[Task data]

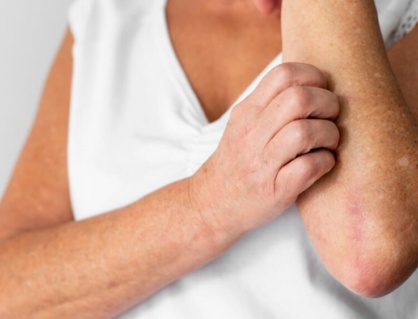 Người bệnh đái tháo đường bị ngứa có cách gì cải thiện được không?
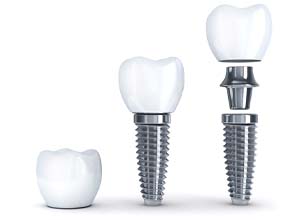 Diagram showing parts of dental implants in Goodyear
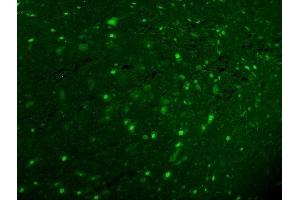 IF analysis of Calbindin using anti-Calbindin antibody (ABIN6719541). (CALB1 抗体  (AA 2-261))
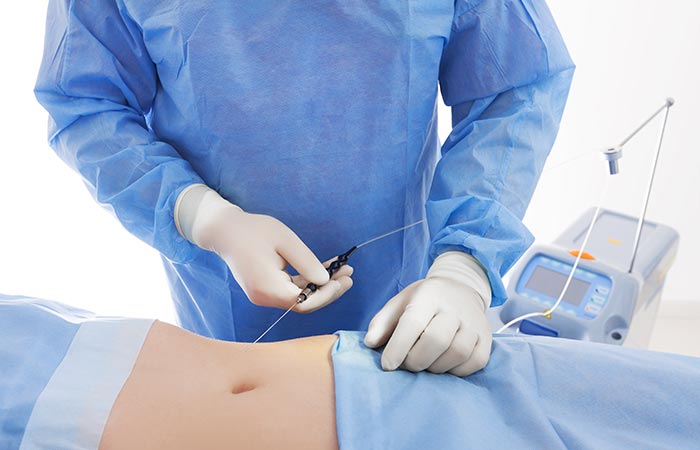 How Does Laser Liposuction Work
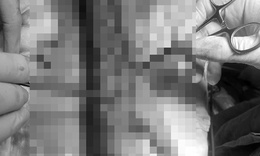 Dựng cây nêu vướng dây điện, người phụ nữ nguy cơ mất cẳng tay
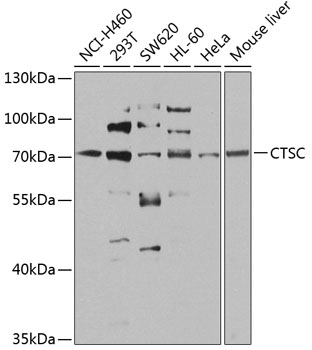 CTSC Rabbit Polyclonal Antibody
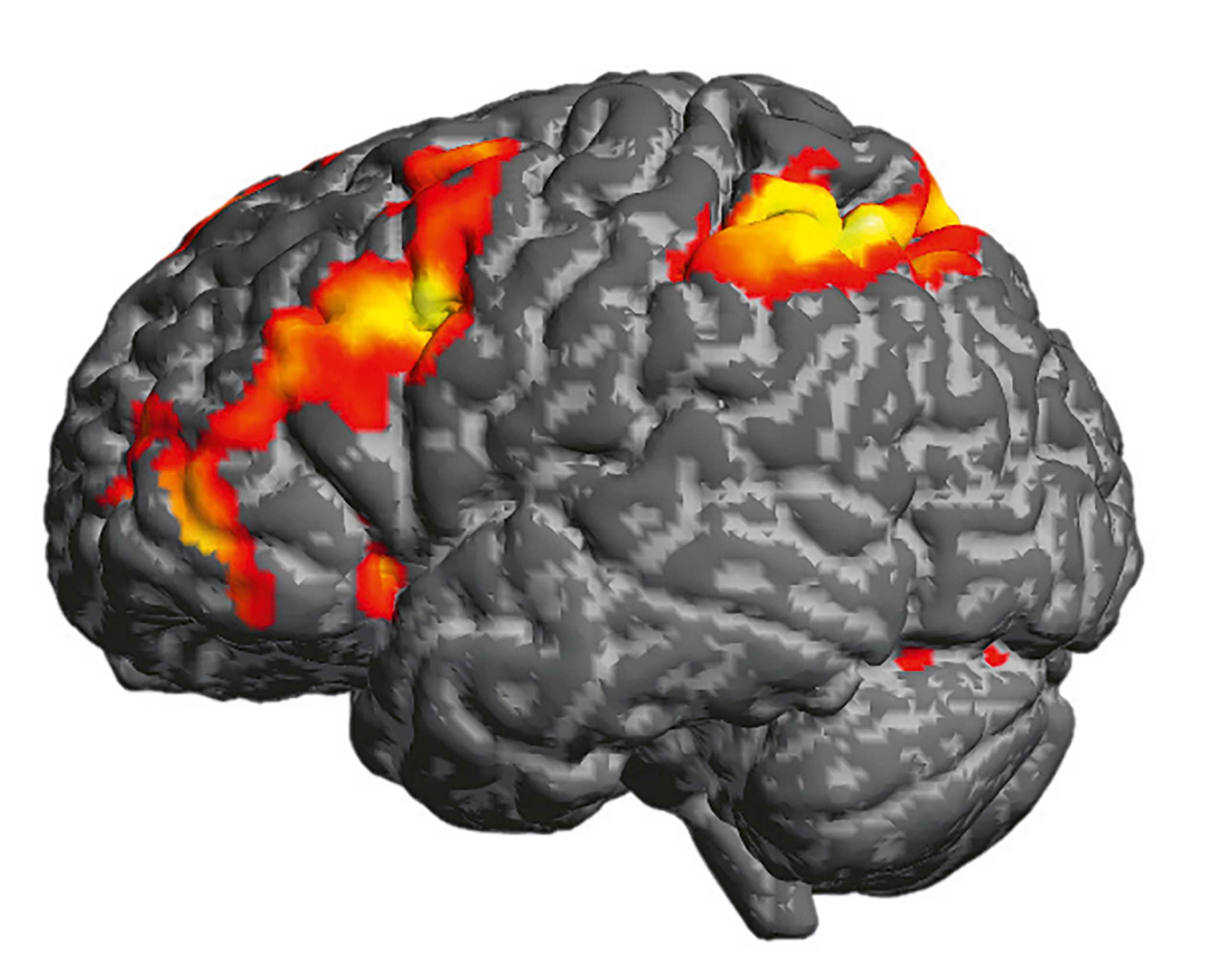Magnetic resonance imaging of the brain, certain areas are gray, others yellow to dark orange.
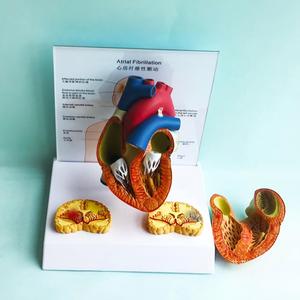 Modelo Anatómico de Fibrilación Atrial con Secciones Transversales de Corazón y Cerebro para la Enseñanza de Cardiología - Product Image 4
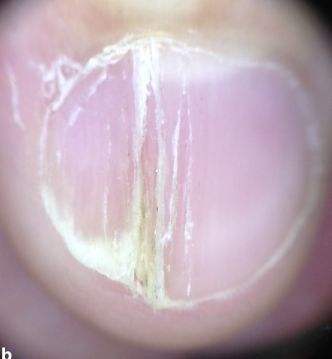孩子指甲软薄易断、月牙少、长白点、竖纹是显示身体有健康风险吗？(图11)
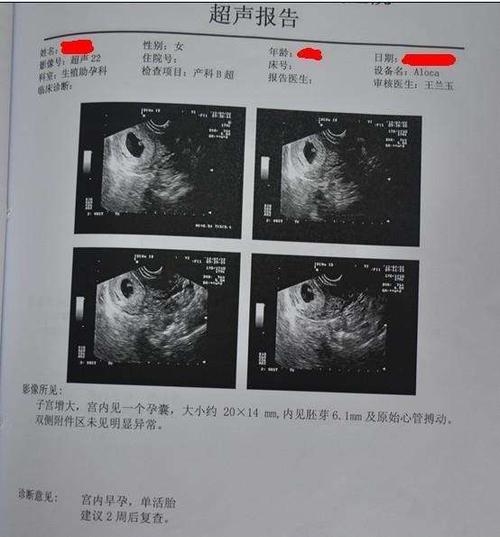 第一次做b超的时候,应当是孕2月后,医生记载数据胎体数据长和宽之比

[/Task data]

* **What the task asks**
Reproduce the records word for word, please, from their first line up to and including the line that contains "How Does Laser Liposuction Work", but no pictures.

* **Written response**
 Người bệnh đái tháo đường bị ngứa có cách gì cải thiện được không?
 Diagram showing parts of dental implants in Goodyear
 IF analysis of Calbindin using anti-Calbindin antibody (ABIN6719541). (CALB1 抗体  (AA 2-261))
 How Does Laser Liposuction Work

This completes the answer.